Overall then, the Fibre-Lyte chainring is full of benefits: light, stiff, quiet and most importantly durable. It also happens to look smart and would be the finishing touch to any bling race machine. The price is respectable when you consider that Vision's aero ring (carbon/alloy) and SRAM's Red (alloy) offering are priced around a fiver more and a Rotor Q-Ring (alloy) is around £45 more.
As already mentioned there is a huge amount of customization available with the Fibre-Lyte products. You can choose your carbon pattern, size, BCD and they can even be etched with logos. Take a look at the website for all the options.
Carbon bling to pimp your ride but full of performance benefits too
road.cc test report
Make and model: Fibre-Lyte PCD 135 Chain Ring
Size tested: 54 teeth
Tell us what the product is for, and who it's aimed at. What do the manufacturers say about it? How does that compare to your own feelings about it?
This TT ring is designed to be used for flatish time trials where you can get by with just a single front ring. Being solid there will be a small aero advantage too.
Tell us some more about the technical aspects of the product?
*CNC machined to order
*Full carbon fibre
*Aero (other options available)
*Plain Weave (again other options available)
*135 BCD for Campagnolo (rings available in various BCD's)
Same price or cheaper than its alloy rivals.
Tell us how the product performed overall when used for its designed purpose
Very well indeed, benefits seen in less noise, more stiffness plus well machined finish.
Tell us what you particularly liked about the product
All of the above.
Tell us what you particularly disliked about the product
Setting up the front mech to avoid rubbing.
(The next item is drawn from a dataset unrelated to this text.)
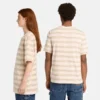 T-shirt às riscas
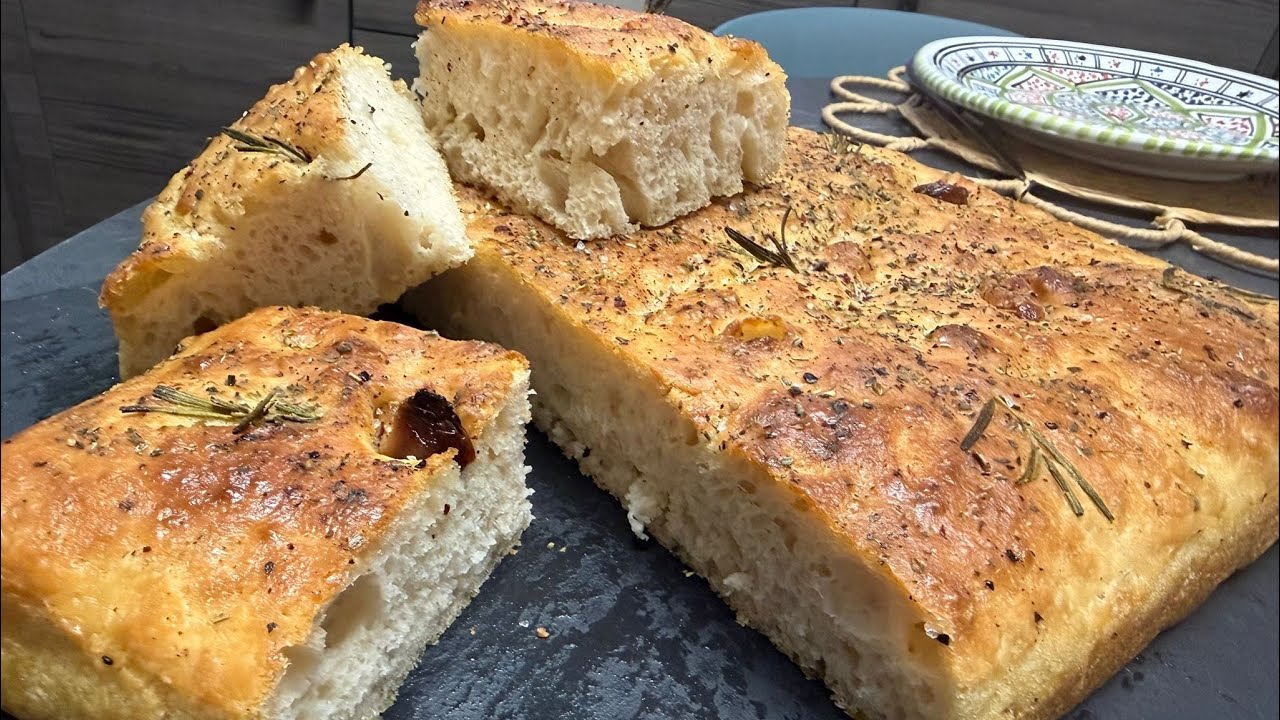خبز الفوكاشيا الإيطالي خفيف ريشة رائع راح نعتمدو عليه انشاءالله في جميع المناسباتfocaccia bread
Did you enjoy using the product? Yes.
Would you consider buying the product? Yes.
Would you recommend the product to a friend? Yes.
About the tester
Age: 35 Height: 180cm Weight: 76kg
I usually ride: Whatever needs testing or Genesis Flyer, fixed of course! My best bike is: Kinesis T2 with full Centaur Red
I've been riding for: 10-20 years I ride: Every day I would class myself as: Expert
I regularly do the following types of riding: time trialling, commuting, club rides, sportives, fixed/singlespeed,
Stu knocked out his first road.cc review back in 2009 and since then he's chucked the best part of seventy test bikes around the West Country, a couple of them quite literally! With three alloy and two steel bikes in his fleet he's definitely a metal man (that'll be the engineering background) but is slowly warming to that modern carbon fibre stuff along with fat tyres & disc brakes.
It's not all nostalgia though, after spending the last few years in product design Stu keeps banging on about how 3D printing is going to be the next big thing and he's a sucker for a beautiful paint job too.